There are many reasons to celebrate the re-opening of the DIA’s Asian galleries on November 4. In addition to having a greatly expanded gallery space, we have incorporated modern and contemporary artworks alongside historical masterpieces to create a more dynamic presentation.
There’s also the exciting way that technology is integrated throughout the galleries, enhancing how visitors experience and relate to the objects and their stories. A less visible—yet equally defining—aspect of the Asian galleries reinstallation project is the robust inclusion of community members to help develop the galleries.
At the launch of the project three years ago, we innovated our planning process by creating new, short-term positions to be filled by members of the community. Out of 33 applicants, we hired 11 community consultants who each expressed a keen interest, commitment, and aptitude for helping shape what these new galleries could look like. The community consultants and DIA staff from the departments of interpretation, curatorial and exhibitions learned about objects in our collection, worked with content experts from various museums and universities, and developed a range of potential themes around different groups of artworks.

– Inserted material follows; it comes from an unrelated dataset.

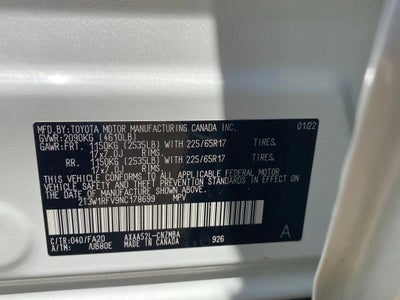 2022 Toyota RAV4 XLE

Our time together culminated in a presentation the DIA’s internal strategy group, who provided enthusiastic feedback. For example, DIA Director Salvador Salort-Pons commented: “Some of the [themes] have a common denominator that I like a lot… a surprising factor that’s going to catch the attention of the viewer and help with learning.”
Our intrepid and dedicated community consultants were an integral part of the multi-year process to reinstall the Asian art collection. Their ideas are reflected in labels and other interpretive elements throughout, including a dynamic response area located at the heart of the galleries, where several of their photos and perspectives are featured. We are grateful for all their contributions!
Alison Jean led the interpretive planning process for the new Asian galleries. She is an interpretive planner at the DIA.